Un autre souvenir. Les Frères et les professeurs de Saint-Pierre ne faisaient évidemment pas grève, sauf que par la force des choses (pénuries d’essence, manque de transport pour les profs et les élèves,..) l’école a elle aussi été obligée de fermer provisoirement ses portes sauf …sauf pour ceux qui, comme moi, préparaient la communion, c’était ce qu’on appelait la "retraite de communion". Prières, témoignages, répondre à cette terrible question : "pourquoi fais-tu ta communion ?" et surtout ne pas faire la réponse qui était pourtant la plus vraie "pour les cadeaux"…donc tous les matins j’allai à cette "retraite" pendant que les copains me regardaient, goguenards et heureux eux de profiter de ces jours de vacances volées. Je me souviens aussi que mon père non plus ne travaillait pas par la force des choses et lui aussi jouissait de cette Liberté…même si nous n’avions plus d’essence à mettre dans la voiture et que nous ne pouvions donc aller nous promener dans la splendide forêt de Fougères. 

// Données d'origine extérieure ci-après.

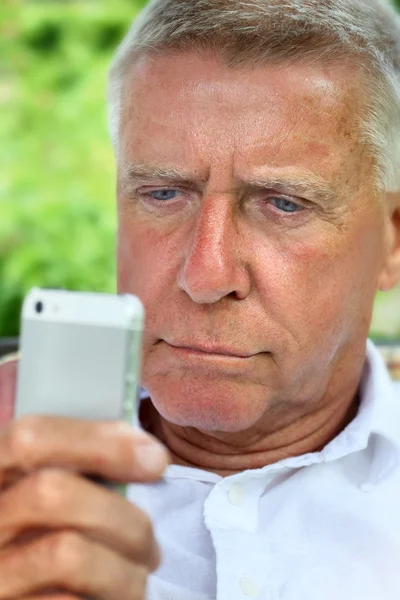 Senior browsing on a smart phone — Stock Photo, Image
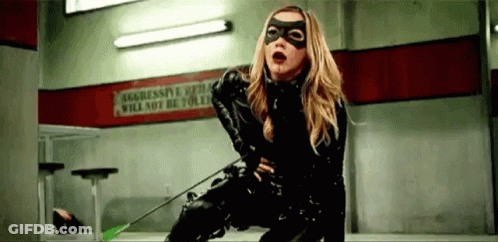A Woman In A Black Catsuit Is Holding An Arrow . GIF
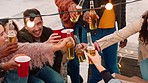 Friends, beer and cheers at rooftop party, celebration and social gathering for new years. Top view of happy group of people toast with alcohol, drinks and happiness to celebrate together outdoors 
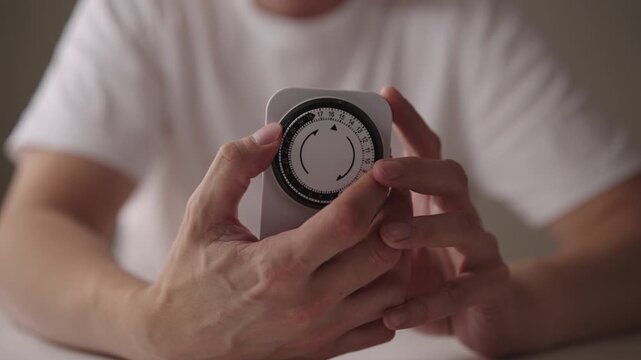 Close-up cropped shot of man setting mechanical timer switch, device used to control the on off cycles of electrical appliances, promoting energy efficiency and convenience in household management.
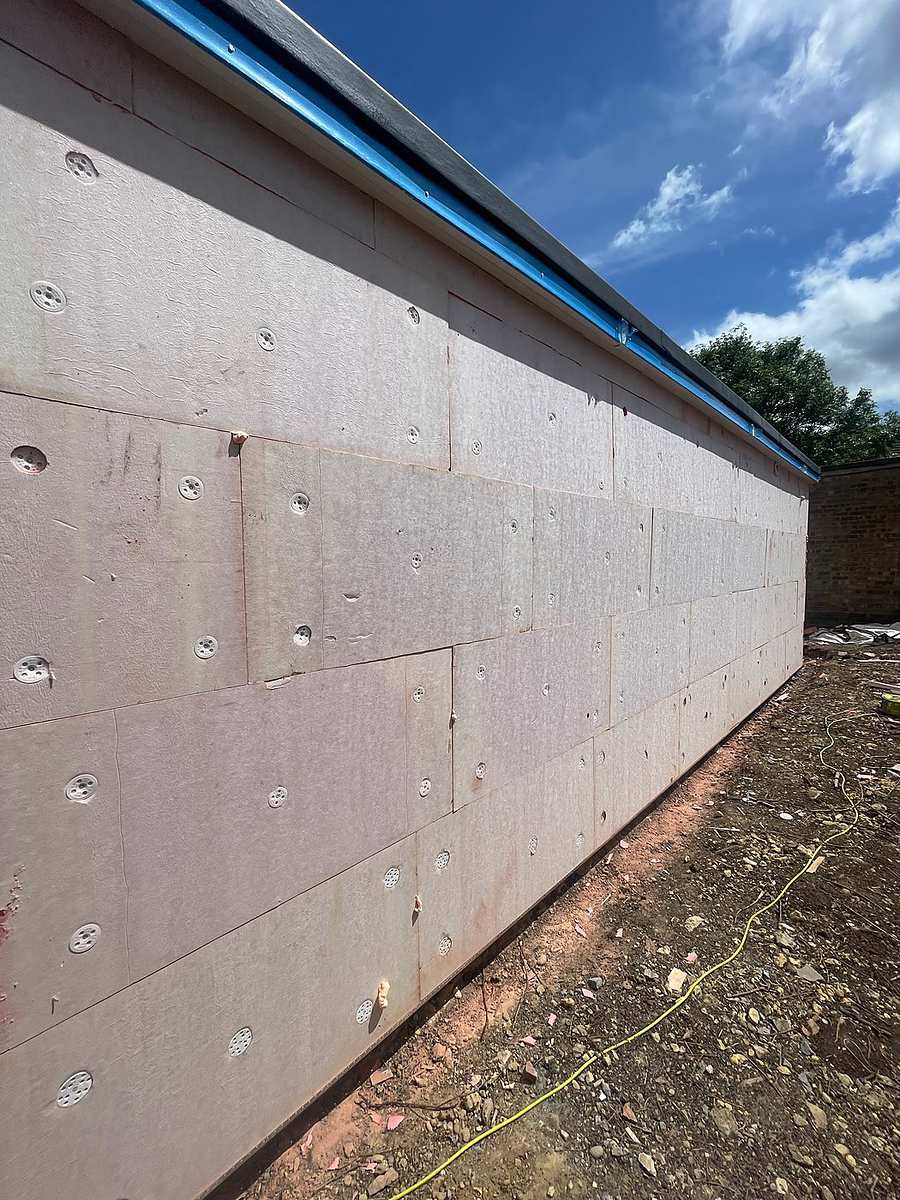 New blockwork going up near a boundary on a Hertfordshire extension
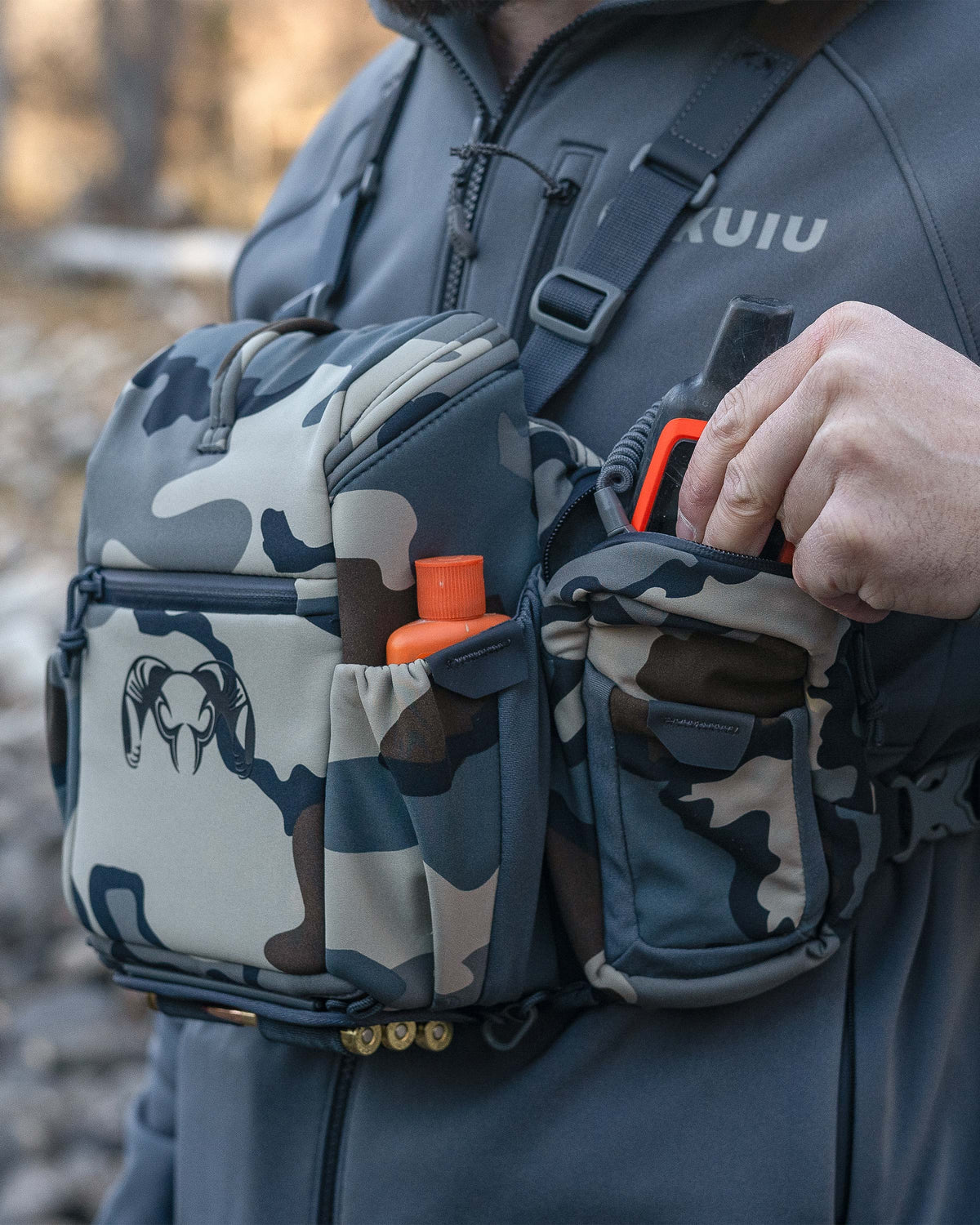 Hunter stowing an accessory item in the zip-closure side pockets on the PRO Chest Pack in Vias Camouflage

Ma communion est arrivée, bien entendu tous les invités (les cousins de Paris) n’ont pas pu venir. Mon parrain aussi manquait. Déjà en 1956 il n’avait pas pu être à mon baptême, mobilisé par d’autres évènements, ceux de l’Algérie… La en 1968 il était encore mobilisé par des évènements.. Mais bon j’ai eu la montre, la gourmette, la chevalière, le poste de radio, et l’appareil photo que j’espérais.

Pour conclure 1968 pour moi c’était à cette époque un mélange de liberté, de vacances, de soleil (je ne sais pas si c’est un tour de ma mémoire ou si c’est la réalité mais je vois ce mois de mai sous le soleil…) et aussi de peur… A cette époque dans cette Bretagne chouanesque, la peur du Rouge ca existait vraiment ! 

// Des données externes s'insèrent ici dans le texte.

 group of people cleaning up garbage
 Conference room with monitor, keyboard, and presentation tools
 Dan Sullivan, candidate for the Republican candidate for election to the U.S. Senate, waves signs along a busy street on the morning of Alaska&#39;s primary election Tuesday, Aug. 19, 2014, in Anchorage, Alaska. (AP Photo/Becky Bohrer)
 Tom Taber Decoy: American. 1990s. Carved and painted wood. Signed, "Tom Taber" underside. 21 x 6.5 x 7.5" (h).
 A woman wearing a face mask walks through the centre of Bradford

Mai 1968 c’est aussi la porte qui s’ouvrait sur une formidable mais courte décennie, les années 70 (qui se sont arrêtés en 75 ou 76) mais ca c’est une autre histoire….

PS : la musique de mai 68 ? un formidable album de Léo Ferré, "Et Basta…" et un disque aujourd’hui introuvable mélange de musique électronique et de bruits de la rue en colère "fait que ton rêve soit plus long que la nuit" de Vangelis….(eh oui).